LAKEVILLE, Minn. — In June, three lawsuits were filed to overturn tobacco flavor ban ordinances adopted by local jurisdictions: Los Angeles County in California; Edina, Minn.; and Philadelphia.
Click through to see the claims of each lawsuit and how it could affect convenience-store retailers …
Los Angeles County
On June 1, R.J. Reynolds Tobacco Co., American Snuff Co. LLC, and Santa Fe Natural Tobacco Co. Inc. sued in the Federal District Court for the Central District of California to overturn a Sept. 24, 2019, ban on the sale of menthol cigarettes and every flavored tobacco product.
The lawsuit claims the Family Smoking Prevention and Tobacco Control Act—the federal law that authorizes the U.S. Food and Drug Administration (FDA) to regulate tobacco products—expressly prevents state and local governments from adopting a tobacco product standard “different from, or in addition to” federal tobacco product standards.
As Congress enacted a product standard in the act banning flavored cigarettes other than tobacco and menthol, a ban on menthol cigarettes is “different from, and in addition to” the act and should be preempted.
Additionally, the lawsuit claims the act implicitly preempts the Los Angeles County ordinance because it would be an “obstacle” to the underlying purposes of the act, which include authorizing the FDA to set national product standards to control manufacturing of and ingredients in tobacco products and to permit tobacco products to be sold to legal age adults while making them inaccessible to underage persons.
The lawsuit claims the Los Angeles County ordinance conflicts with these two purposes, presenting an “obstacle” to the act.
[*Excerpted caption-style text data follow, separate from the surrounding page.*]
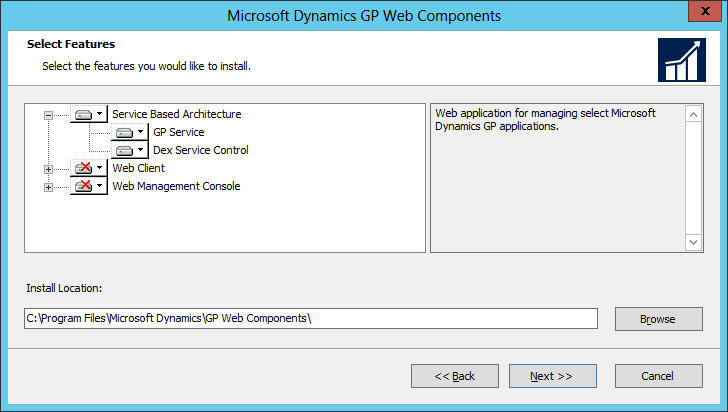 Microsoft Dynamics GP Web Components: Select Features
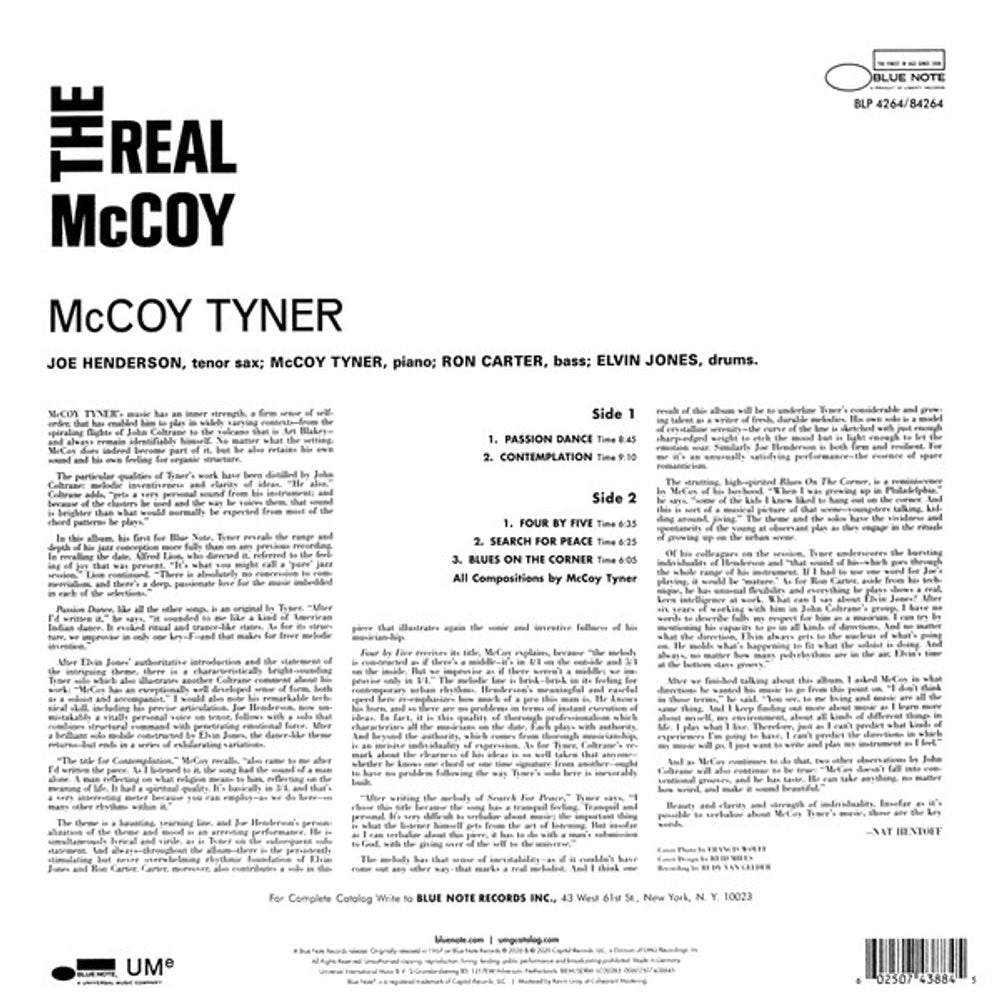 McCoy Tyner – The Real Mccoy (LP Vinyl) Vinyl Record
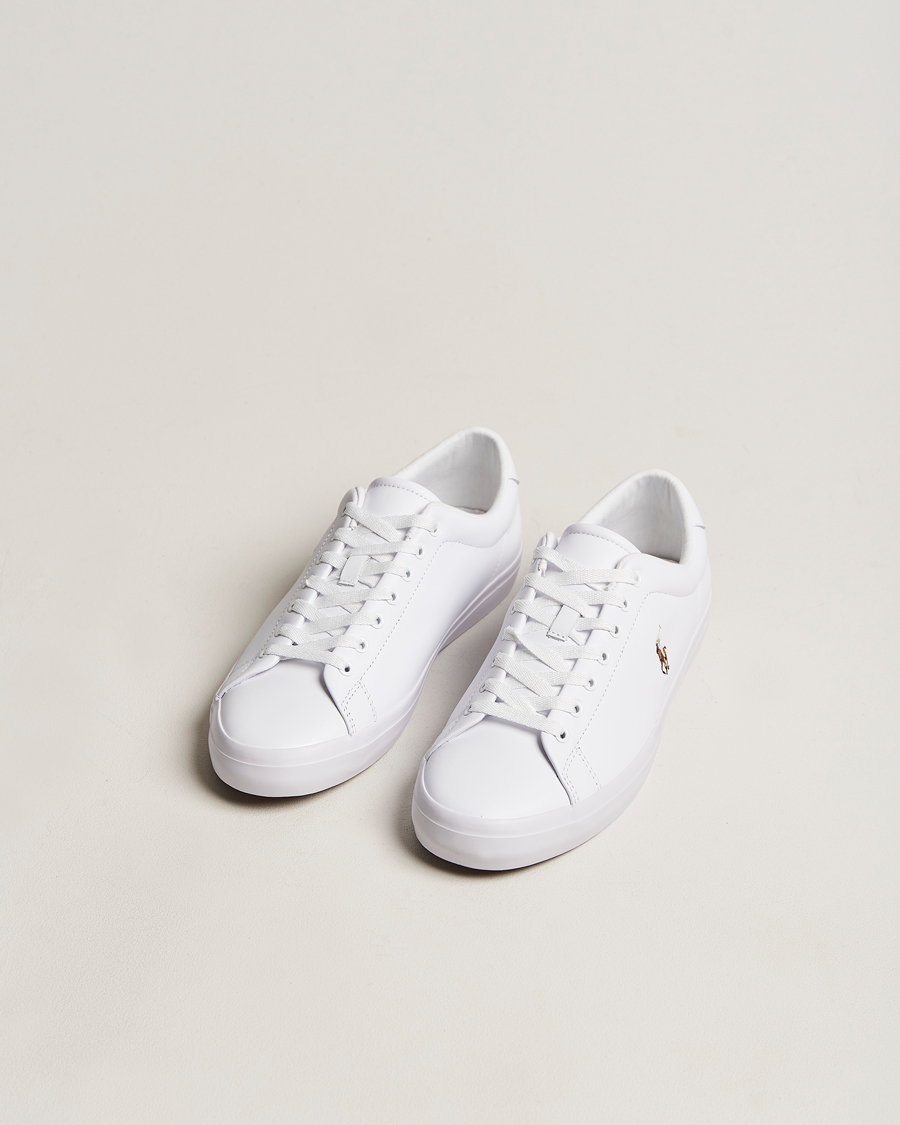 Homme | Baskets Blanches | Polo Ralph Lauren | Longwood Leather Sneaker White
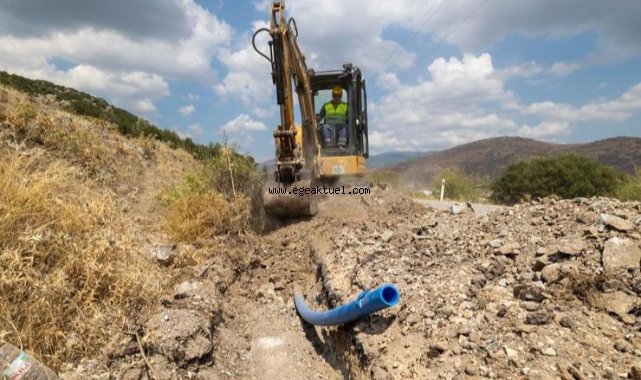 İZSU, Karagöl’ün suyunu Emiralem’e taşıyor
The lawsuit seeks a declaration that the ban is invalid and unenforceable.
On June 17, R.J. Reynolds Tobacco, American Snuff, Santa Fe Natural Tobacco and two independent retailers filed a lawsuit in the Federal District Court for the District of Minnesota to overturn a similar ban enacted the previous day by the city of Edina, Minn., a suburb of Minneapolis.
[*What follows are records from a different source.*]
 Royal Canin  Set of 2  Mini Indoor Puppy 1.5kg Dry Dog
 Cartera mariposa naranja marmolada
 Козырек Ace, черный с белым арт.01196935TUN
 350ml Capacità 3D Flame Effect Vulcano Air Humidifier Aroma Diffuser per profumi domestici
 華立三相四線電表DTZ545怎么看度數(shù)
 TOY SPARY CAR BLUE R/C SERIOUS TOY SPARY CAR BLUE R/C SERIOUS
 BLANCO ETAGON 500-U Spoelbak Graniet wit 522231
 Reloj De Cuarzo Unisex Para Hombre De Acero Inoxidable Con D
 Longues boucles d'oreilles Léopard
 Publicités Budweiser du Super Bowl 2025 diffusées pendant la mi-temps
The claims and relief sought in this lawsuit are essentially identical to the claims made against the Los Angeles County ordinance, and it seeks to have the ban declared invalid and unenforceable.
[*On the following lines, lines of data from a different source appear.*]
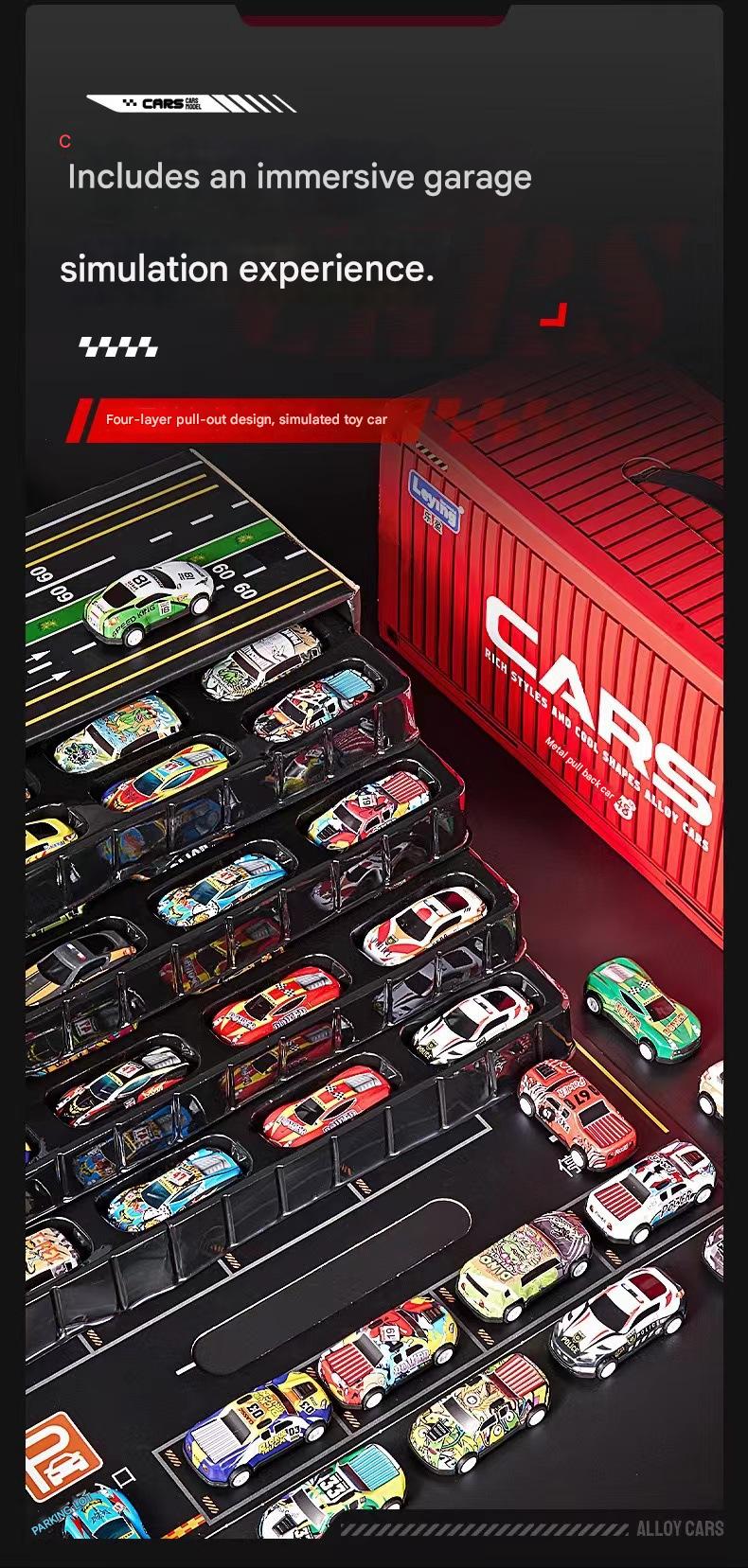 48 Alloy Mini Racing Car Model Set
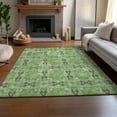 thumbnail image 6 of Addison Rugs Mayfield Washable Transitional Panel Green Rectangle Rug, 3' x 5', 6 of 6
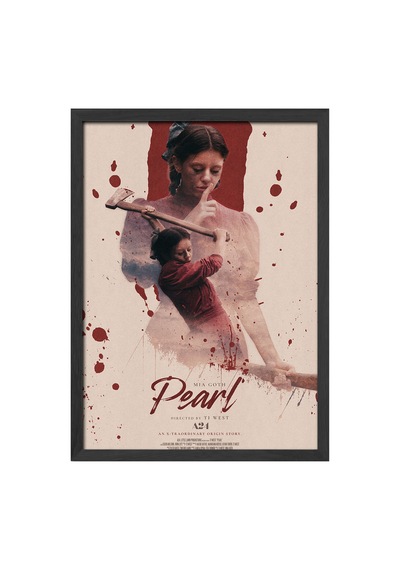 Pearl Siyah Ahşap Çerçeveli Poster, Dekoratif Film Duvar Tablosu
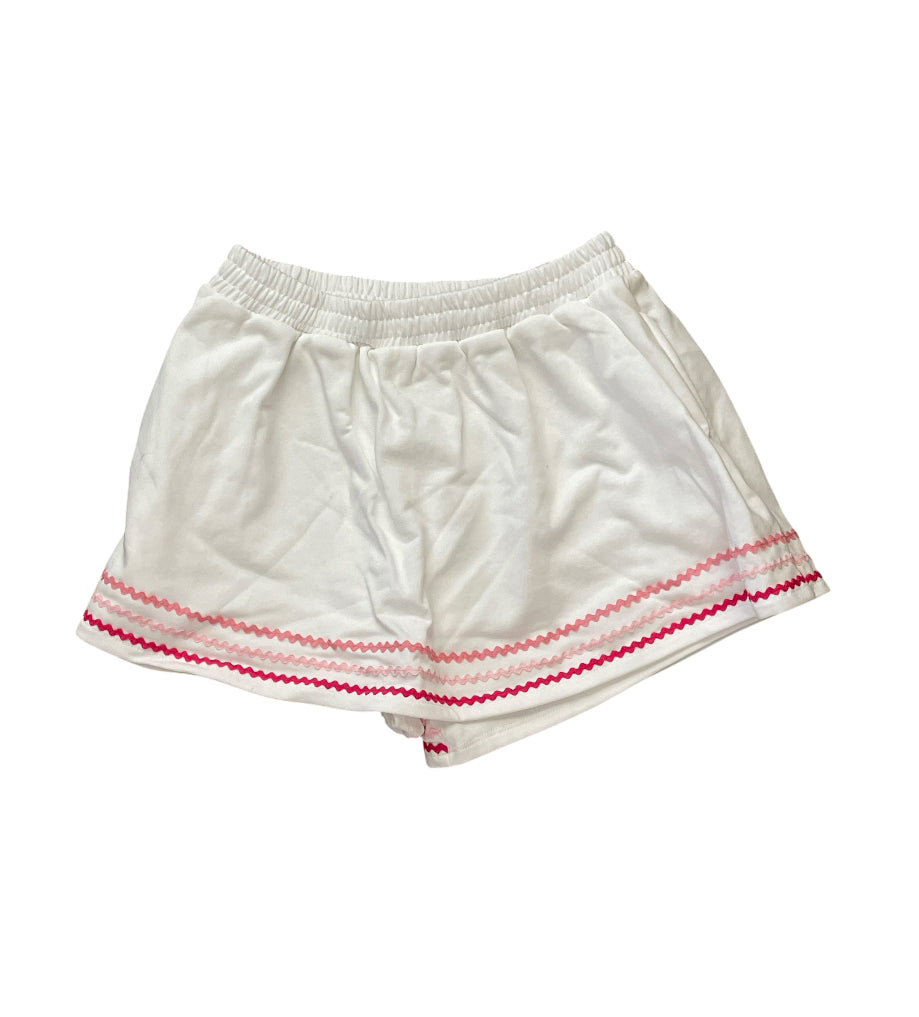 Peach Love Gotta Love It Wavy Trim Skort.(Small)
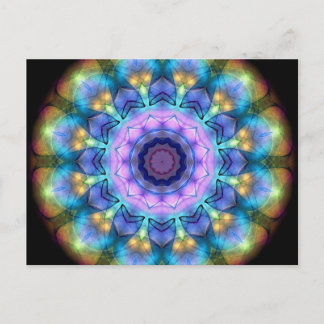 Lilac Stained Glass Window Postcard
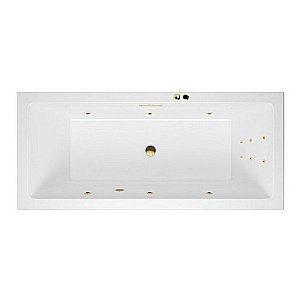 Ванна акриловая EXCELLENT Heaven Slim LINE WAEX.HEV18S.LINE.GL 180x80 белая с гидромассажем купить в интернет-магазине Sanbest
On June 18, the Cigar Association of America, ITG Cigars, Swedish Match North America and Swisher International filed a lawsuit in the State Court of Common Pleas of Philadelphia County against the city of Philadelphia and its department of public health seeking relief against a Dec. 18, 2019, city ordinance.
The ordinance bans the sale of flavored tobacco products (other than tobacco and menthol cigarettes), except in “tobacco product distribution businesses,” retail stores that prevent minors from entering, do not sell food and beverages and receive at least 90% of revenue from tobacco products and accessories.
This action includes several claims, among them:
- State law preempts ordinances by local governments, and specifically the City of Philadelphia, to regulate the sale of tobacco products.
- The definition of “flavored product” is vague.
- And the law was too broad because although its intent was protecting underage persons, it extended to all flavored tobacco products, regardless of whether that was needed to protect minors.
The suit seeks to have the have the ordinance preempted, voided for vagueness and for its enforcement to be precluded.
The three lawsuits are different, and it will take some time for them to be resolved. Court motion hearings on the lawsuits are in the process of being scheduled.